Friday, 29 June 2007

E. W. Badman Pipe Factors - Part 3: Wagons Roll!

My decision to undertake this bold venture all those weeks ago - alright, those 2 weeks ago - was in some ways arrived at by one of those freaky combinations of entirely unconnected incidents that gradually but inexorably draw one into the 'great idea'...
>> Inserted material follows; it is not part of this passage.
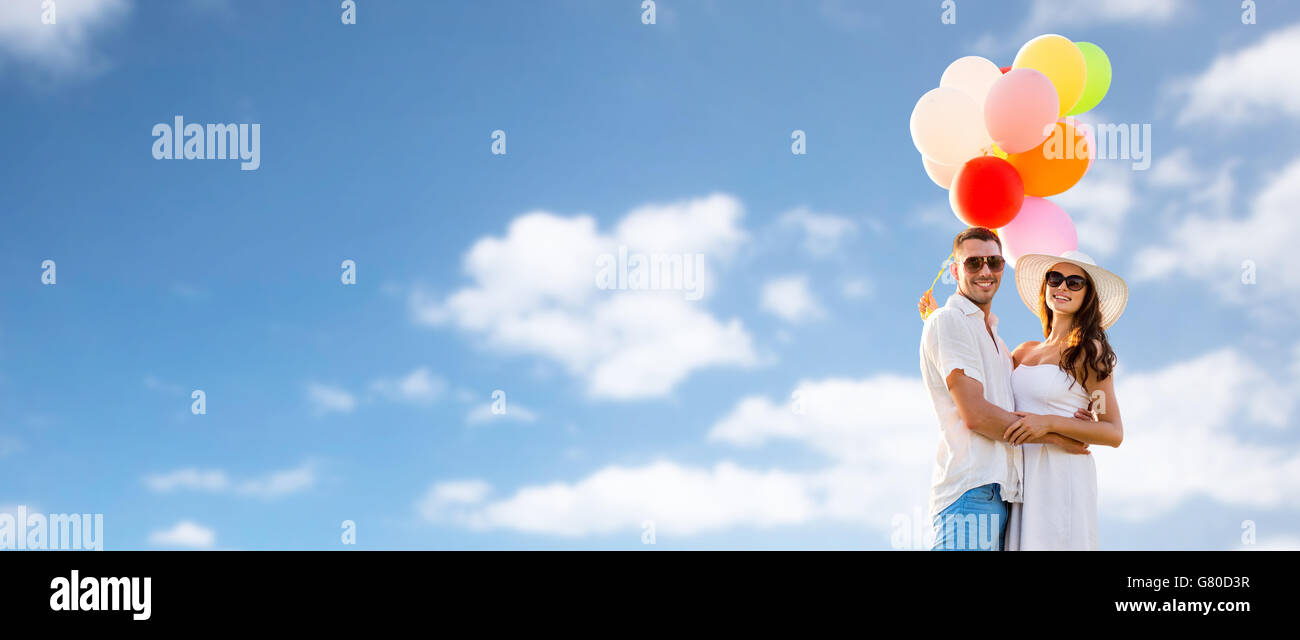smiling couple with air balloons outdoors Stock Photo - Alamy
ENTIRELY UNCONNECTED INCIDENT NUMBER 1: A couple of years ago I bought some of those garden lights - the solar-powered type - and scattered them all around in some vaguely strategic locations. They all came with additional short lengths of plastic tube thereby to adjust the height of the lamp according to one's preference. I was left with a significant number of these going begging, and not much of a clue about what to do with them. Answer: dump them in the 'odds-n-sods-might-come-in-useful-one-day' box to mature a bit and see what develops. Well, I am happy to report that they matured nicely - into pipe loads for a couple of my '2-plank open' wagons.

ENTIRELY UNCONNECTED INCIDENT NUMBER 2: Whilst having my usual panic attack over being unable to find an item of equipment in a cupboard recently - which of course I remembered seeing somewhere not 2 weeks previously when I didn't actually need it - I was dismayed to drop a box containing a 'Mainline' OO-scale Mk1 coach (maroon). I then found another 5 sitting in on the same shelf - silently mocking me for being found but not actually wanted whilst the thing I desperately wanted.... you get the idea. Eventually I pulled myself together and resolved the issue logically, as only a man can... I muttered loudly, sulked and generally stomped around turning the place upside down until the MD intervened. And found it. In truth I cannot remember now what it was I was looking for. But fortunately that is not relevant.

So how did these 2 events connect? During an idle inspection of one of the plastic pipes, it occurred to me by some inexplicable leap of imagination that the length of the pipe was almost the length of a Mainline OO-scale Mk1 coach (maroon). Now if only I could remember where I had found them.... cue the muttering, sulking, stomping etc. Result!

So the idea for a 15-inch gauge exchange siding was born. I dismantled the coach to see what I could do by way of making my own wagon. It turned out I was able to construct a basic box shape out of ice-lolly sticks on a thick card base. If you are of the American persuasion, then the term 'popsicle sticks' might mean more to you.

No matter, here's a picture sequence of what I've been trying. First, the bare coach chassis with its new wagon body:



...next, the body in situ with its pipe cargo:



...and finally outshopped in its 'photographic grey' livery (that's car body undercoat to you):


The intention is to make several of these wagons from the remaining coaches. I shall be naming them after the children of E.W. Badman:

Lilly, Ralph, Ellis, Elsie, Phyllis, Claude and Avis.